Catching the Spirit of Family History
I think my love for family history truly began when I was nine years old and had just broken two vertebrae in my spine. With months of recovery ahead and a restrictive back brace, it didn’t take very long for books and even TV and electronics to become boring. My parents introduced me to indexing so that I had something more productive to do while I lay in bed.
During the months that followed, I spent many hours indexing batch after batch—and I LOVED it.
This was the beginning of a great adventure, and I caught the spirit of family history work. A couple of years later, at age 11, I was called as a ward temple and family history consultant and quickly found joy in learning how to research.
I especially loved learning about my ancestors and was inspired and encouraged by their stories and examples.
Taking My Family Names to the Temple
It was extra special when I turned 12 and knew that I would be able to take the names I had researched to the temple to do baptisms for my deceased ancestors.
This was another difficult time in my life as I was struggling with severe back troubles. Sitting was agonizing. I wanted to go to the temple but was scared of the pain it would cause. I wasn’t sure I could do it. I felt, however, a connection and love for these people who were part of my heritage, part of my family, part of me. I felt strongly the need to take their names to the temple. My dad gave me a priesthood blessing before we left. It was a painful car ride to the Calgary Alberta Temple, but as soon as I walked through the temple doors, my pain was miraculously gone.
After completing over 20 baptisms and confirmations that afternoon, I felt the spirit so strongly and knew that I had experienced a miracle. I had not been pain-free in six months, but for my entire time in the temple I felt fine. As soon as I walked out the door, my pain returned. Although I wish the pain could have disappeared forever, I had been able to do what I had come to do: serve in the temple for my family. I had also received a gift for myself—knowing that my Heavenly Father was aware of me, a 12-year-old boy with back pain.

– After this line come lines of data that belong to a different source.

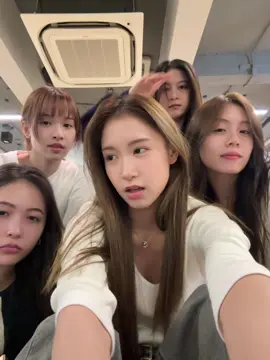 แก๊งพึมพำ #QRRA @fondofyouz @ชัญยู้ก🐱✨ @พินอะเด @พี่ฝรั่ง 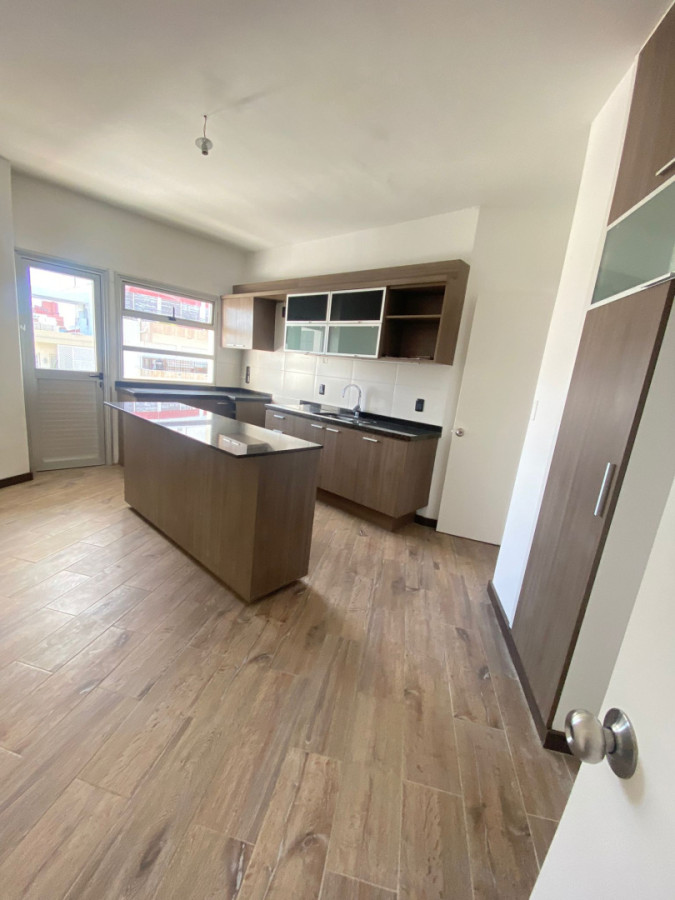 Apartamento ID.402 - Hermoso apartamento en alquiler 3 dorm frente al mar en Pocitos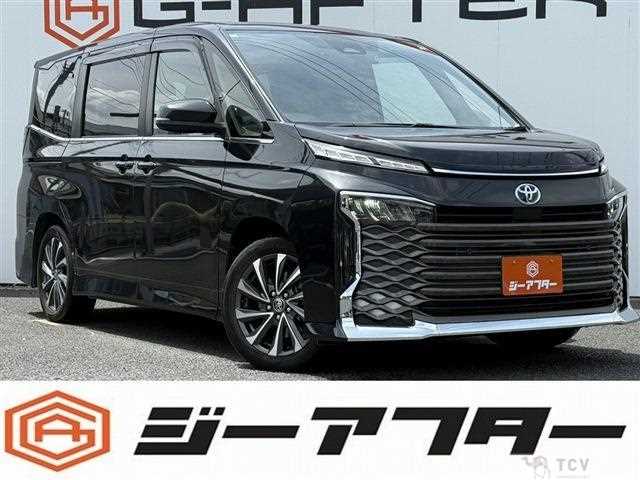 2023 Toyota Voxy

He blessed me for those hours in the temple, and I believe I had many ancestors there helping to strengthen me too. I have a testimony that blessings come from attending the temple.
Drawing on the Experiences of our Ancestors
Church leaders have taught that family history has the power not only to assist the dead but also to bless the living. One way we are blessed is that families are strengthened and brought closer as we share stories and work together. Stories bring ancestors to life. These real people can teach us principles such as the value of hard work, how to deal with life’s challenges, and how our choices impact our lives. That is a huge blessing for anyone, but especially for youth! We can become better people by knowing more about our ancestors. We can draw on their experiences when we need strength, motivation, stamina, faith, or courage.

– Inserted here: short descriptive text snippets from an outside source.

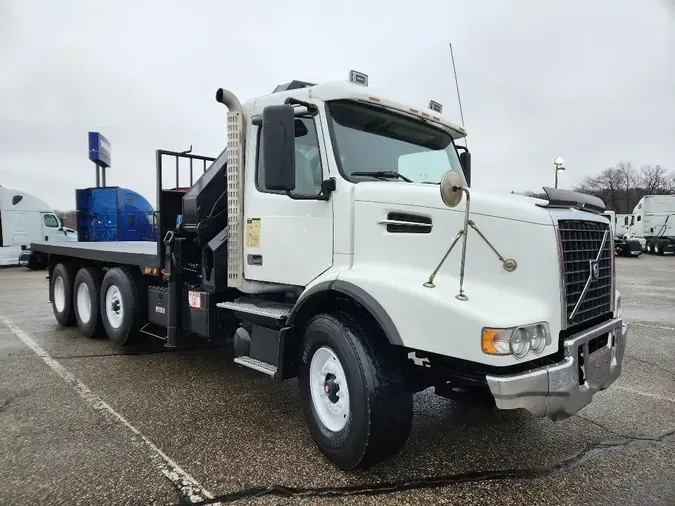 2007 VOLVO VHD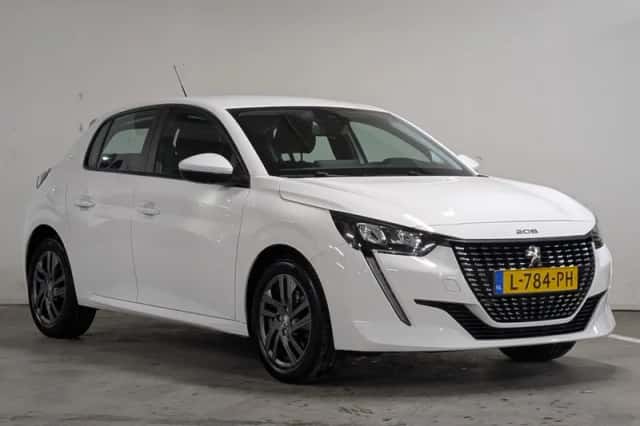 Peugeot 208 (2021) thumbnail 5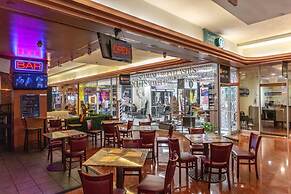 Bayside Breeze-host Covers Service Fees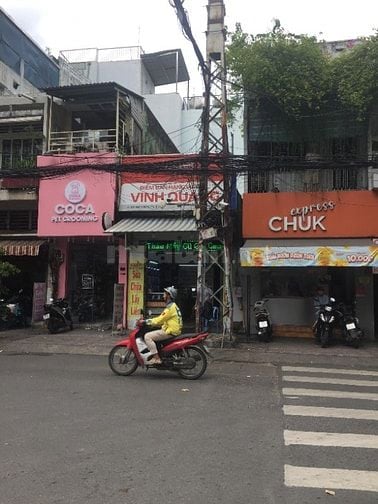 CHÍNH CHỦ BÁN MẶT TIỀN : 134 NGÔ QUYỀN , F5 Q10 , TPHCM
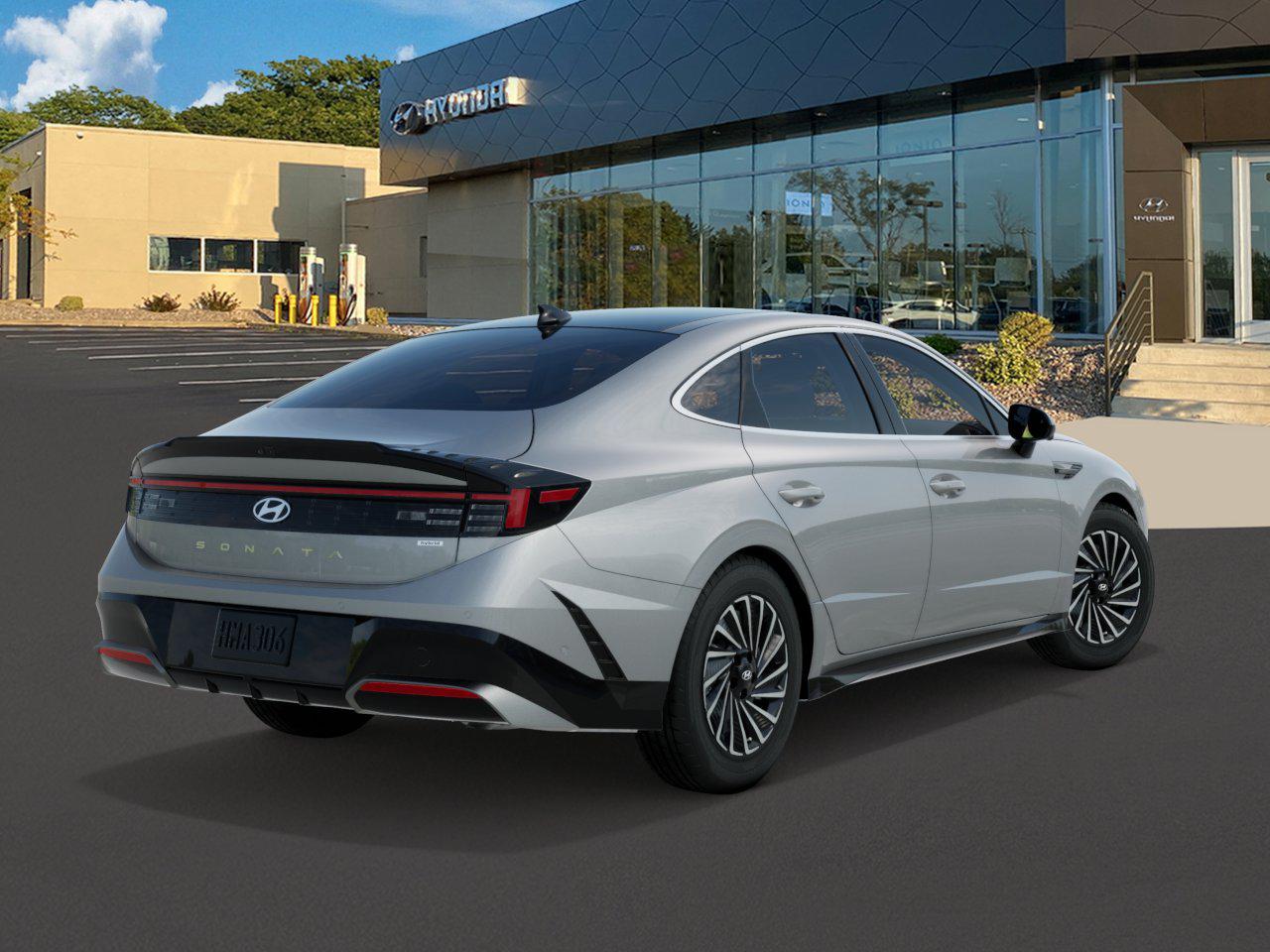 2026 Hyundai Sonata Hybrid Limited photo 4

In my family, we enjoy learning about our ancestors. My Grandma Boehmer compiled a book of stories remembering her life history. With my Grandma and Grandpa Gedlaman, we have a family home evening one Sunday a month. We FaceTime with aunts, uncles, and cousins who are each in their own homes. Together, we learn about our family history and come to know that our ancestors were real people who lived their lives as we are living now. Whenever a grandchild is baptized, Grandma and Grandpa Gedlaman also give that family member two binders with stories and biographies of many of our ancestors. In the preface of the book, they include a letter with this hope: “With the help of this gift, we have tried to help you to bridge the gap between you and your ancestors.”
My grandparents and parents truly have assisted me in making those eternal connections. I am grateful to have had the blessing of learning about my ancestors because when I meet them in the eternities I don’t think I will struggle with conversations or feel awkward—I will know them already.
Prophets Promise Blessings
In addition to the wonderful blessings of getting to know our relatives and doing temple work for them, prophets and apostles have promised blessings and protection:
Elder Quentin L. Cook promised that we can be “blessed with more closeness and joy in our family” (Ensign, Feb. 2016).
Elder David A. Bednar said, “I promise you will be protected against the intensifying influence of the adversary. As you participate in and love this holy work, you will be safeguarded in your youth and throughout your lives” (Ensign, Nov. 2011).
Elder Neil L. Anderson assured, “As you contribute to this sacred work, your knowledge and faith in the Savior will increase and you will receive a more certain witness that life continues beyond the veil. You will receive protection against the temptations that surround you, and you will prepare yourself and the world you live in for the Second Coming of the Savior” (Ensign, Feb. 2015).
What powerful promises of blessings these are for us to receive, and there are many more available to us. Each reward is definitely worth the time and effort it takes to do temple and family history work.
It is exciting to be a part of the Youth Battalion that President Russell M. Nelson has called all of the young men and young women of the Church to join in “the gathering of Israel.” Part of my sacrifice of time to my Heavenly Father has been to do more family history work. I have already seen the blessings of this service.
Staying Faithful to the Gospel of Jesus Christ
I am thankful for my heritage, and for the records that my ancestors kept of their experiences. As I study their stories and learn of them, they are a reminder that I too can do hard things and stay faithful to the Gospel. I do not want to disappoint those that went before me and sacrificed so much. I am also thankful for my parents and grandparents who want to teach me about my history. I am grateful for the prophets and apostles of The Church of Jesus Christ of Latter-day Saints who guide us to promised blessings.
Most of all, I am grateful for my personal testimony of family history and the blessings I have received. My hope is that everyone will experience the incredible spirit of Elijah who “shall plant in the hearts of the children the promises made to the fathers, and the hearts of the children shall turn to their fathers” (Joseph Smith—History 1:39).